### EXERCISE
Except for the pictures, output the records in full and exactly.

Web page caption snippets
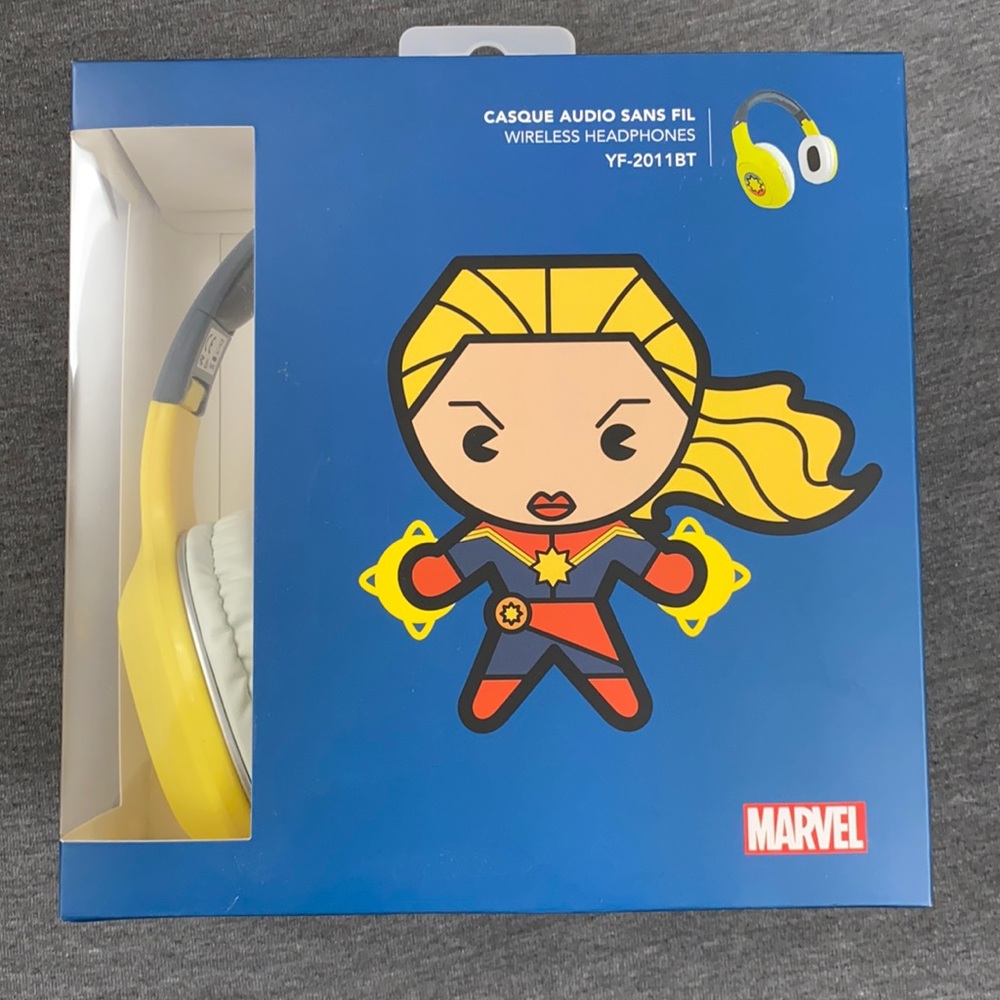 NWT Captain Marvel on the ear wireless Headphones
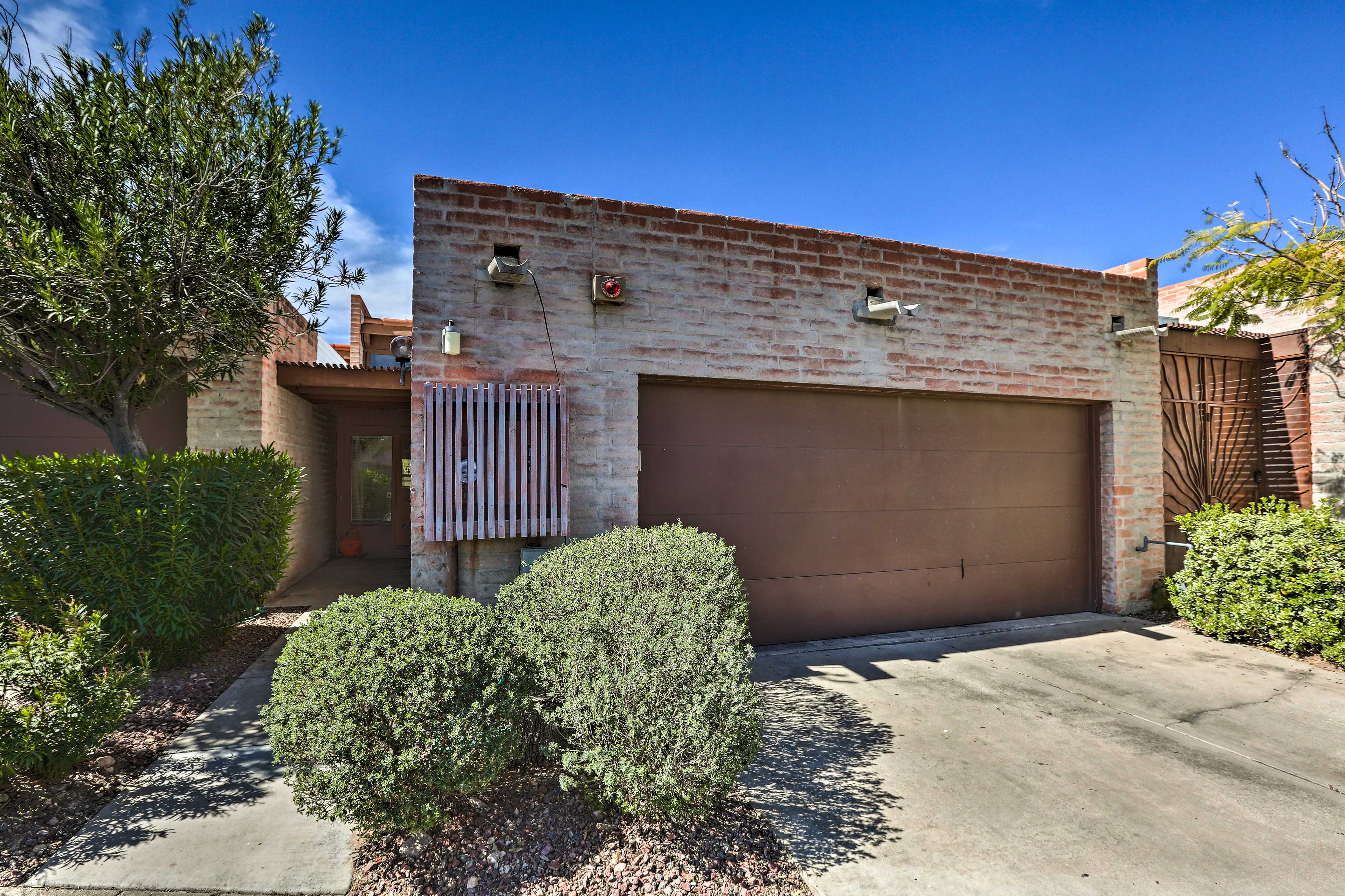 Parking | Garage (1 Vehicle) | Driveway (1 Vehicle)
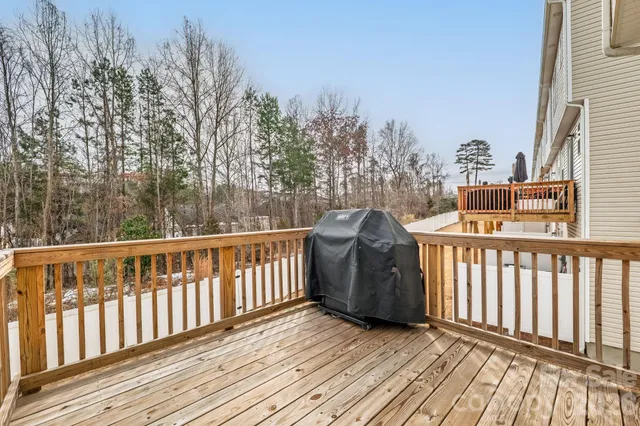 $345,000 | 1230 Keydet Drive, Unit 31, Charlotte, NC 28216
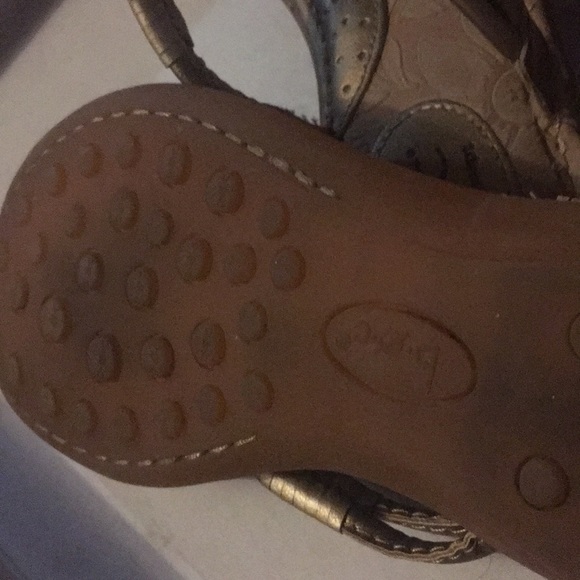 Sandals golden color gently worn - Picture 4 of 5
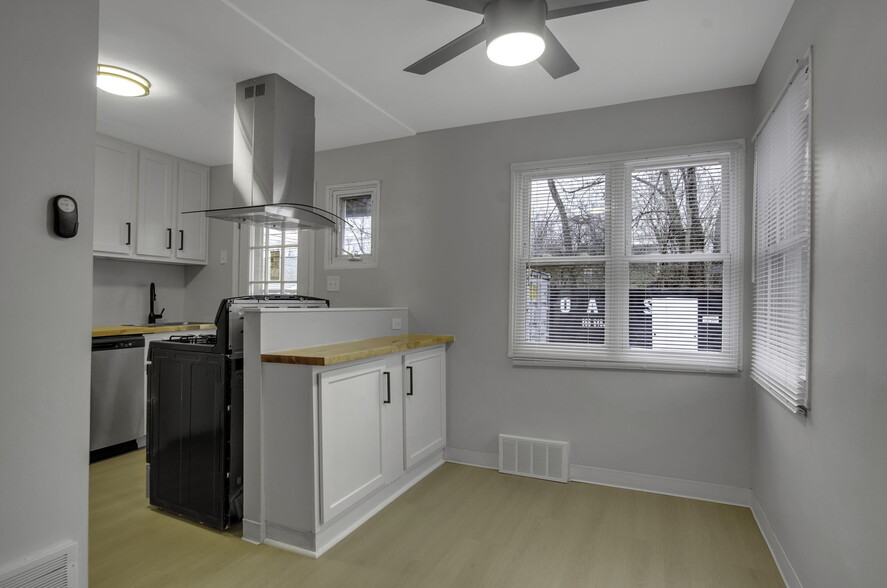 Kitchen and Dining - Amherst Townhomes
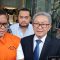 Sekjen PDIP, Hasto Kristiyanto dan kuasa hukumnya Maqdir Ismail di Gedung KPK, Kamis, 27/2/2025 | Syahrul Baihaqi/Forum Keadilan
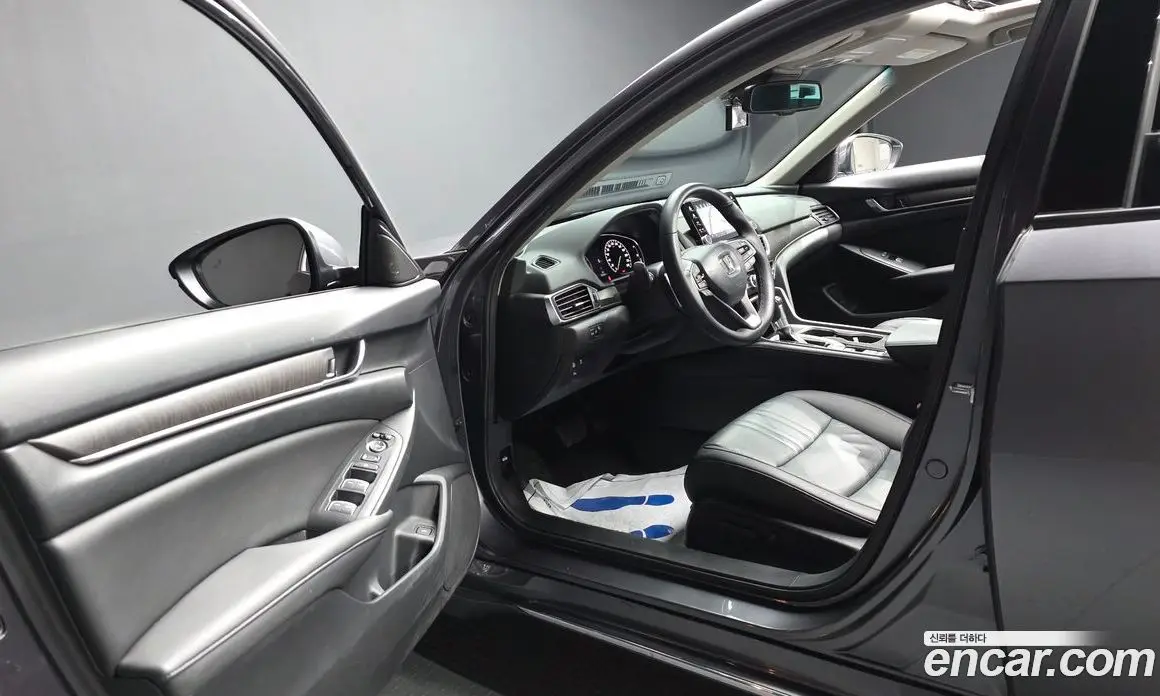 Honda Accord 2021 1.5 автомат (гидро), фото 12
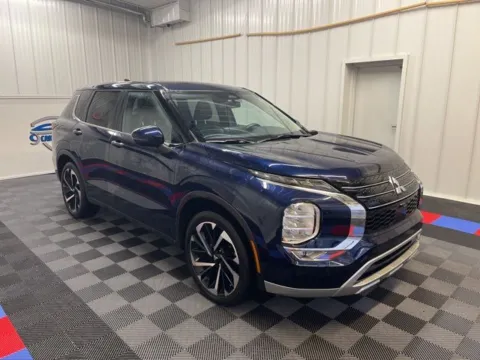 Photos of 2024 Mitsubishi Outlander SE Black Edition w/Pano Roof for sale in Syracuse, NY at Candy Cars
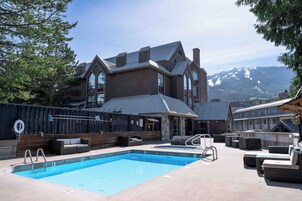 Outdoor pool, open 10:00 AM to 10:00 PM, pool loungers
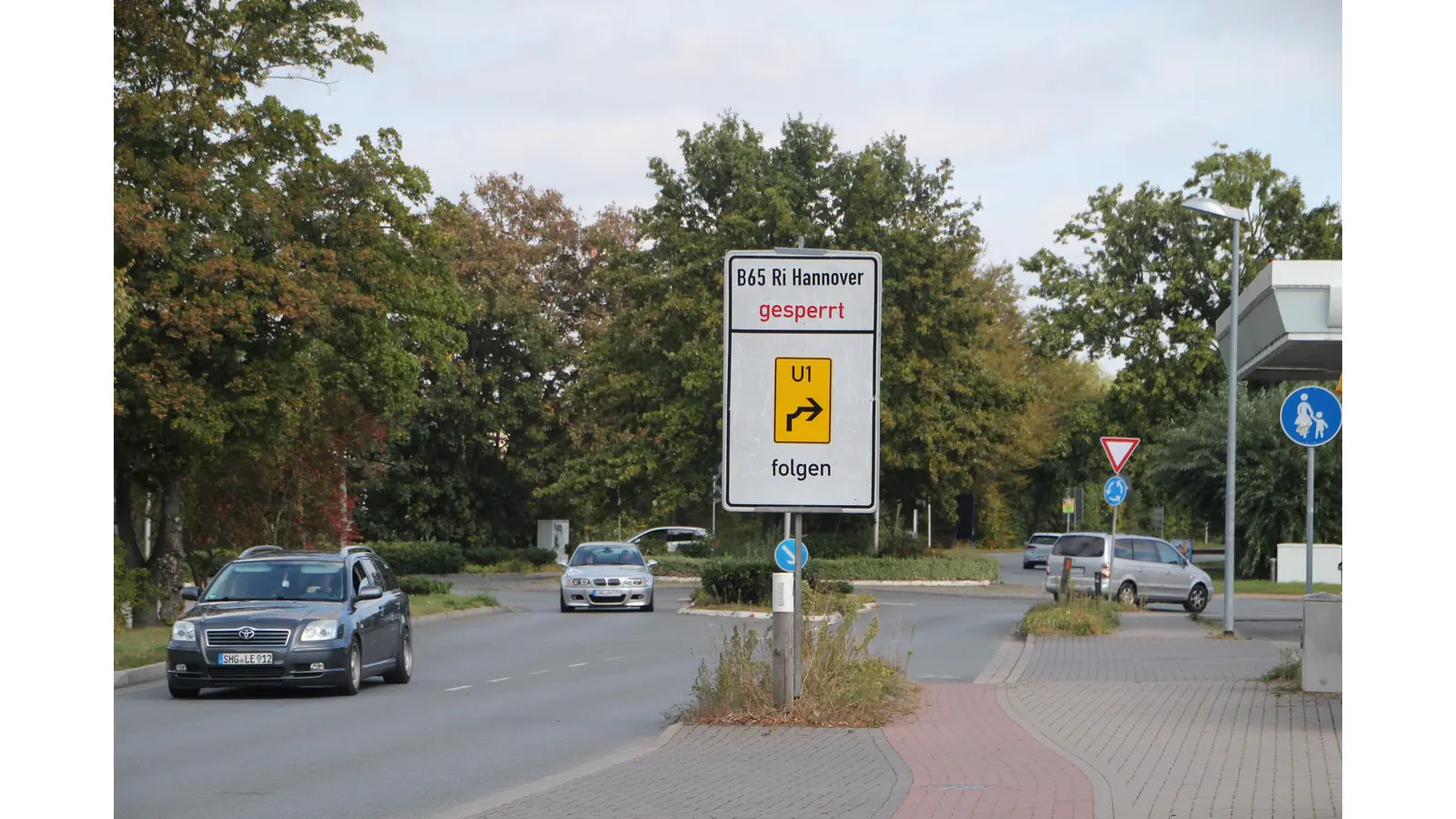 Autofahrer müssen sich auch an den nahenden Feiertagen auf Einschränkungen gefasst machen und Umwege in Kauf nehmen. (Foto: nh)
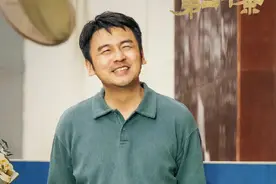 雷佳音李庚希获金鸡奖最佳男女主角图片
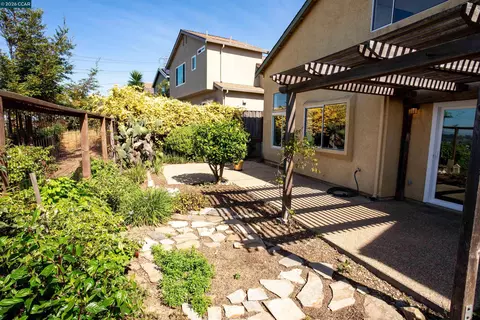 Exterior - 116 Bayhurst Dr, Vallejo, CA 94591 photo 2 of 6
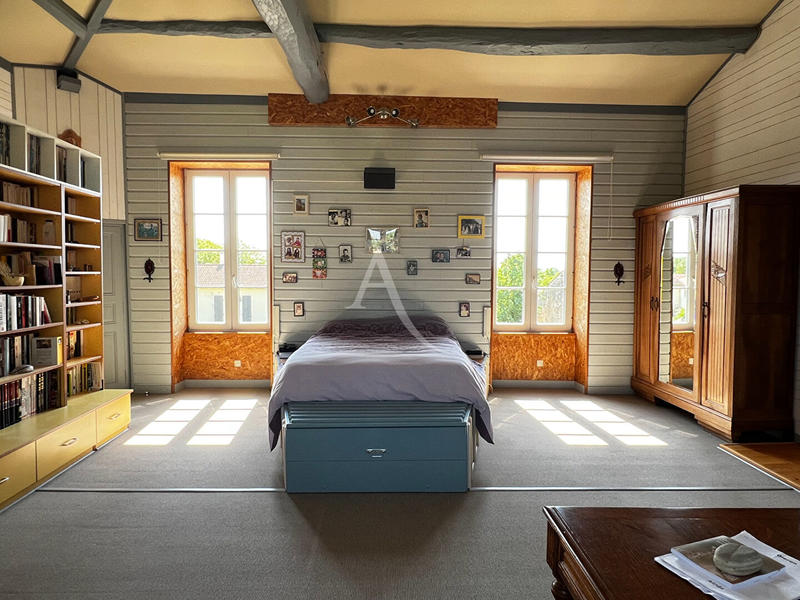 Maison - 330 m² - 8 pièces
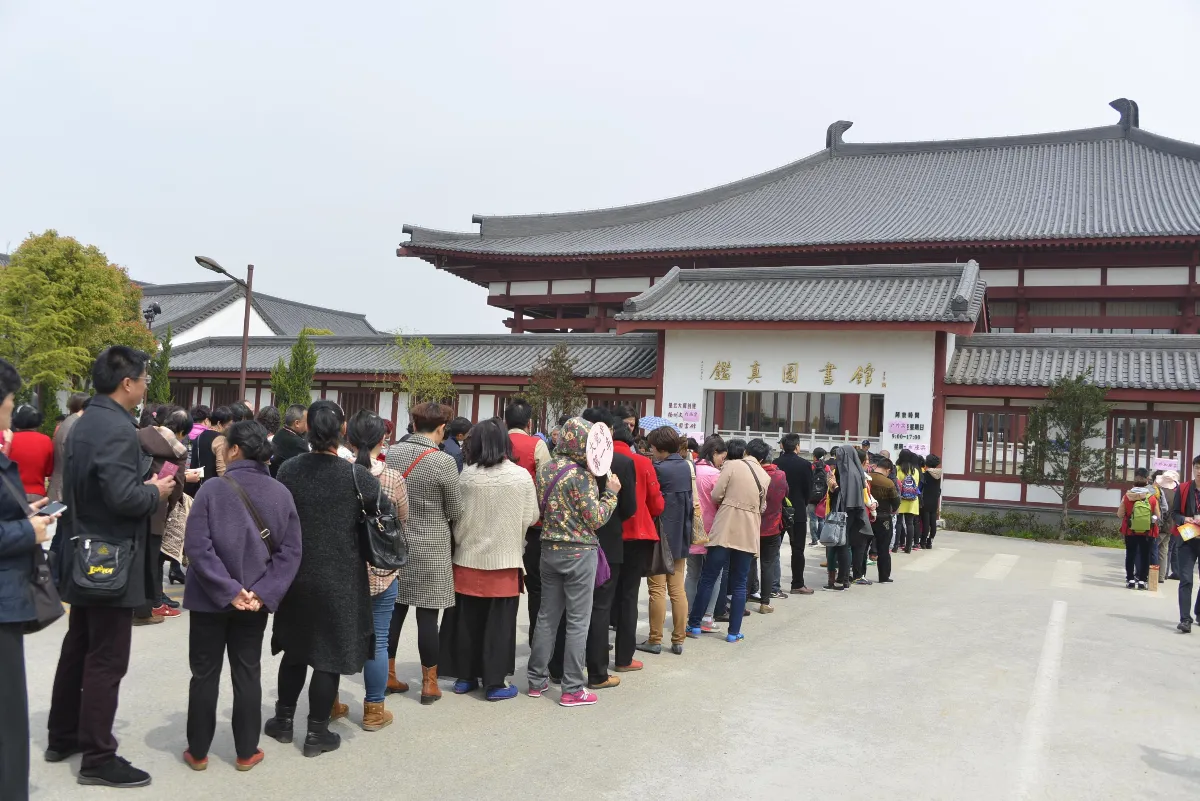 人間系列 排隊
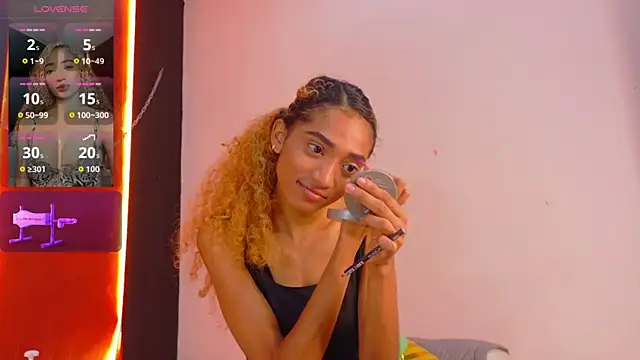 Snapshot of Charlotte_Love10 chatting on 02-20-26, 01:33 Charlotte Love10 online show from 02-20-26, 01:33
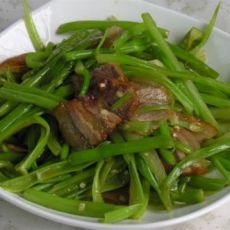 腊肉空心菜的做法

### YOUR SOLUTION
 NWT Captain Marvel on the ear wireless Headphones
 Parking | Garage (1 Vehicle) | Driveway (1 Vehicle)
 $345,000 | 1230 Keydet Drive, Unit 31, Charlotte, NC 28216
 Sandals golden color gently worn - Picture 4 of 5
 Kitchen and Dining - Amherst Townhomes
 Sekjen PDIP, Hasto Kristiyanto dan kuasa hukumnya Maqdir Ismail di Gedung KPK, Kamis, 27/2/2025 | Syahrul Baihaqi/Forum Keadilan
 Honda Accord 2021 1.5 автомат (гидро), фото 12
 Photos of 2024 Mitsubishi Outlander SE Black Edition w/Pano Roof for sale in Syracuse, NY at Candy Cars
 Outdoor pool, open 10:00 AM to 10:00 PM, pool loungers
 Autofahrer müssen sich auch an den nahenden Feiertagen auf Einschränkungen gefasst machen und Umwege in Kauf nehmen. (Foto: nh)
 雷佳音李庚希获金鸡奖最佳男女主角图片
 Exterior - 116 Bayhurst Dr, Vallejo, CA 94591 photo 2 of 6
 Maison - 330 m² - 8 pièces
 人間系列 排隊
 Snapshot of Charlotte_Love10 chatting on 02-20-26, 01:33 Charlotte Love10 online show from 02-20-26, 01:33
 腊肉空心菜的做法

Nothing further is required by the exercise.